The most difficult theme for promoters of Siberia to address was the market. Repeatedly writers had to acknowledge that prices for grain were low. More importantly, perhaps, grain prices were extremely volatile. Given the distance from markets outside of their immediate area the prices fluctuated wildly with the vagaries of the harvest. The distance from markets was a constant frustration for Siberian writers. They attempted to assure readers, however, that the constant stream of new migrants would ultimately resolve that problem by creating a larger local market and by stimulating branch line construction. In the meantime writers had to acknowledge that grain prices were low.

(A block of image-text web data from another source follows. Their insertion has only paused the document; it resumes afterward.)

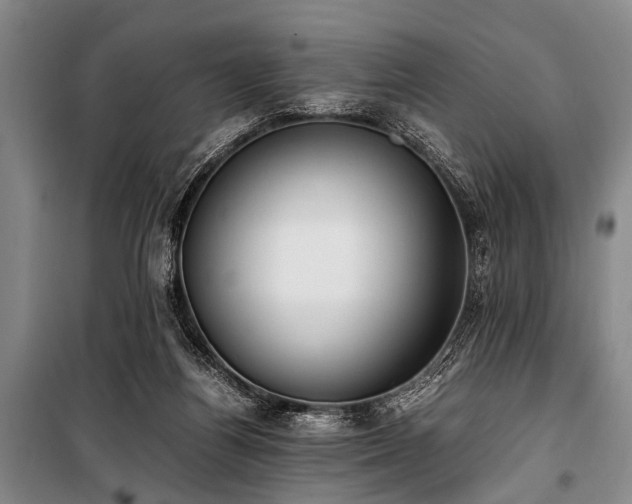 X0000101190164200806271325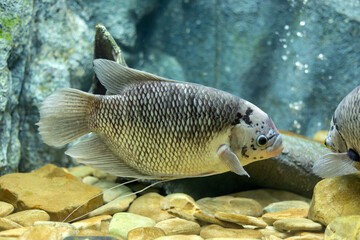 Giant gourami fish at Thailand river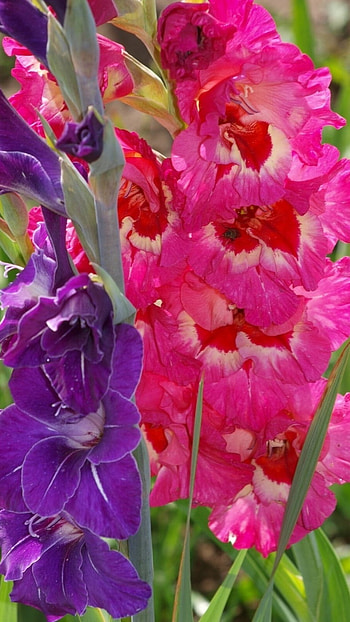 Gladioli, Flower HD phone wallpaper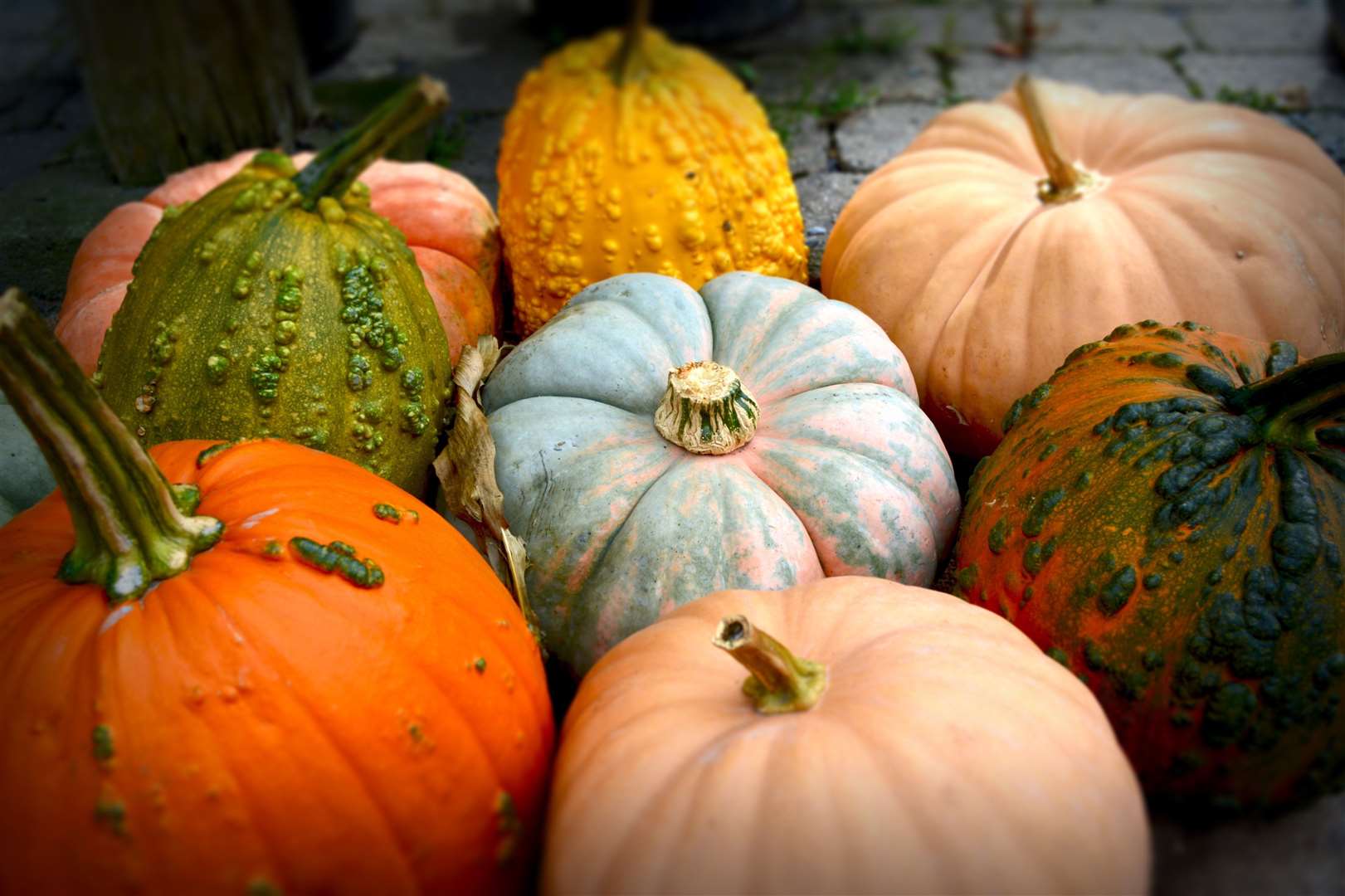 Pick up a pumpkin in time for Halloween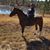 Patricia O'Loughlin Gilbert's profile image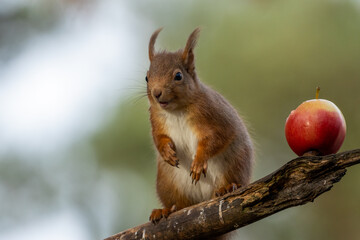 scottish red squirrel eating an apple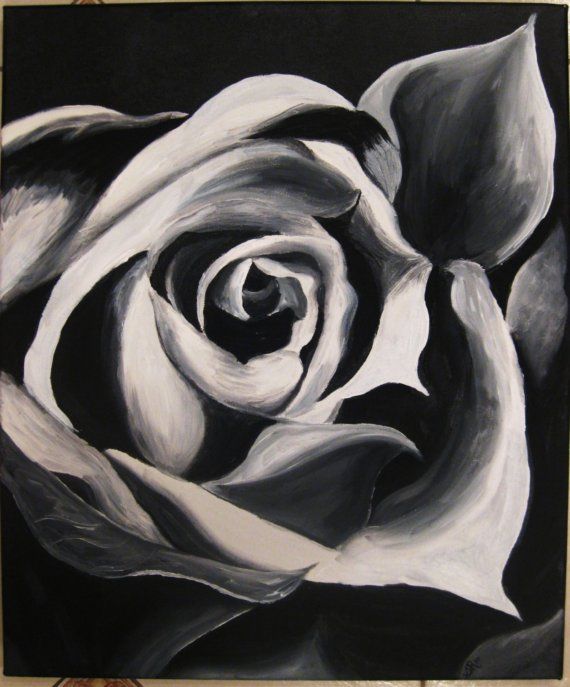 570x687 Black And White Rose By Shelby Rose Is An Oil Painting On A 20 X - Black And White Rose Painting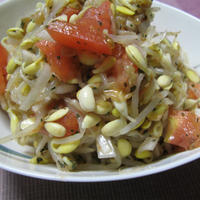 豆もやしの五香粉和え（レシピ）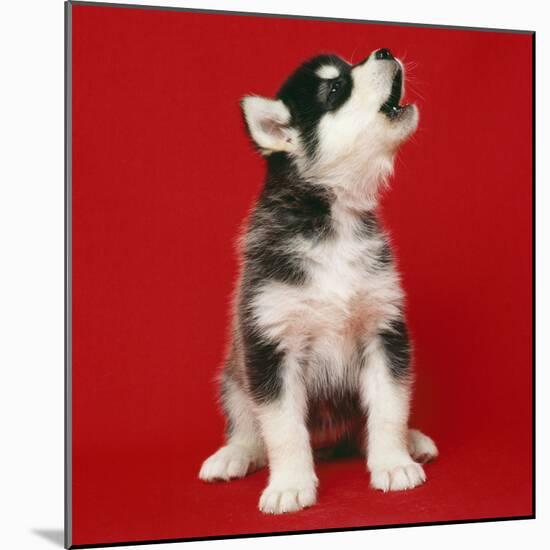 Alaskan Malamute Dog Puppy-null-Mounted Photographic Print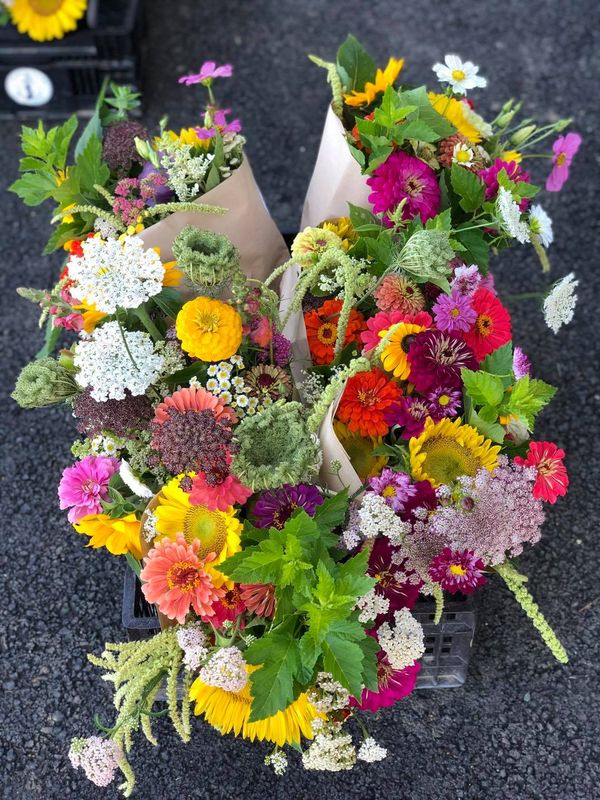 Wrapped Bouquet Pre-Order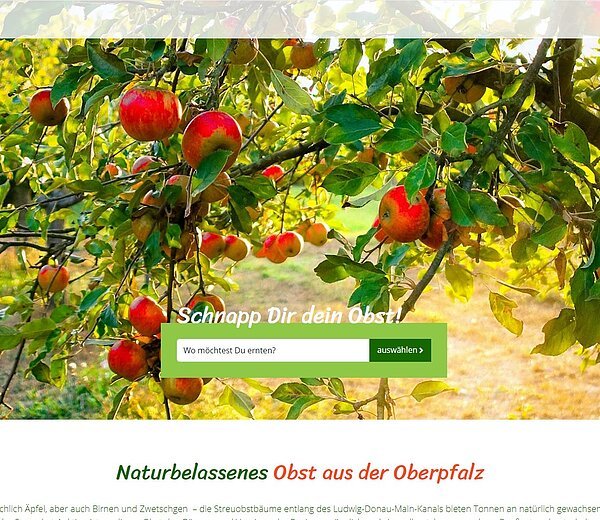 Screenshot Website Streuobst LDM-Kanal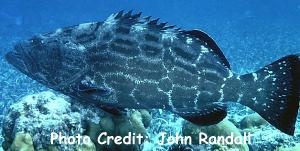  Mycteroperca bonaci (Black Grouper)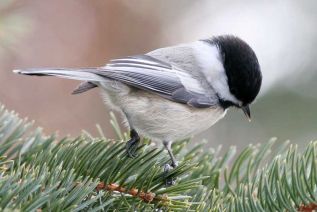 The Black Capped Chickadee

Other aspects of the marketplace were mixed. The demand for trades people greatly exceeded the supply. Shoemakers, carpenters, blacksmiths, and other small tradesmen were often paid more than their counterparts in Southern areas because the demand for their services could not be met. Vegetables were expensive, while potatoes and meat were inexpensive.

Writers to the newspapers addressed the problem of the weather in most of their submissions. They acknowledged that Siberia had cold winters, but took pains to point out that although it could go as low as minus thirty, it did not feel nearly as cold as the thermometer reading suggested (OZ, 1900). In fact the climate was touted as being healthier that of South Russia, particularly the areas that were competing for settlers, such as the Caucasus. Responding to a letter from Saskatchewan that claimed that although the thermometer went lower there than it had in his former home in Russia it did not feel as cold, P. Wiens argued that there was no need to migrate to America, because the climate in the Omsk area seemed to be quite similar (OZ, 1901).

The land was most critical to the Mennonite sense of whether Siberia could sustain a prosperous settlement. The contributors to the newspapers assured readers that the topsoil was fertile and deep. Most accounts in the newspapers went to great lengths to describe the landscape for their southern Mennonite readers. The land was flat with and not well endowed with streams, other than a few large rivers. There were numerous large and small lakes, some with sweet and others with salty water. The aspen and birch forests came as a surprise to the southern settlers and though an impediment to crop agriculture, they were portrayed as a welcome break in the landscape (OZ, 1904).

The land was also available for settlement. The Kirghiz, described as a “half wild shepherd people,” had moved away from the area near the railway, back into steppes and forests and far away from settled areas (OZ, 1904). Most importantly in Siberia landless Mennonites from South Russia could become landowners. As Katharina Hinz notes in her memoirs when her mother objected to the idea of moving to far away Siberia, her father asked her if “the children should always only be servants for other people?” That, he had said he could not bear, and lamented that even for the two of them: “we live in a stranger’s house, have no garden, no land and have to be workers.” Even if the land in Siberia “was only rented land,” it was better than what they had (Hinz, unpublished memoir, 16).

Siberia represented cold, snow, desolation and exile in the Mennonite imagination. The German language press became an important vehicle for the reimagining of Siberia as a possible place of settlement. The main questions that confronted Mennonites concerned the land, the weather and the markets. The early migrants to Siberia aimed to stimulate a changed perception of Siberia. The worked to re-imagine Sibera was a place that while cold, had a healthier climate than that of the south, that had fertile land in abundance, and although markets were poorly developed, it offered the prospect of a bright future.. Invariably they concluded that few Mennonites who had come to settle in Siberia wanted to ‘return to Egypt.’